Recorded information:
%%

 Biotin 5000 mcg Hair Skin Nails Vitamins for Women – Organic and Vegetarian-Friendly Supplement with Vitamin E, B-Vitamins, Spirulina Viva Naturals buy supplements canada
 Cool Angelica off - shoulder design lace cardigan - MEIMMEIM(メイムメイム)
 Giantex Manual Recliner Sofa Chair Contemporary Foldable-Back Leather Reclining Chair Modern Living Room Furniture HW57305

%%

Your answer should be the full listing, copied exactly.

Task result:
 Biotin 5000 mcg Hair Skin Nails Vitamins for Women – Organic and Vegetarian-Friendly Supplement with Vitamin E, B-Vitamins, Spirulina Viva Naturals buy supplements canada
 Cool Angelica off - shoulder design lace cardigan - MEIMMEIM(メイムメイム)
 Giantex Manual Recliner Sofa Chair Contemporary Foldable-Back Leather Reclining Chair Modern Living Room Furniture HW57305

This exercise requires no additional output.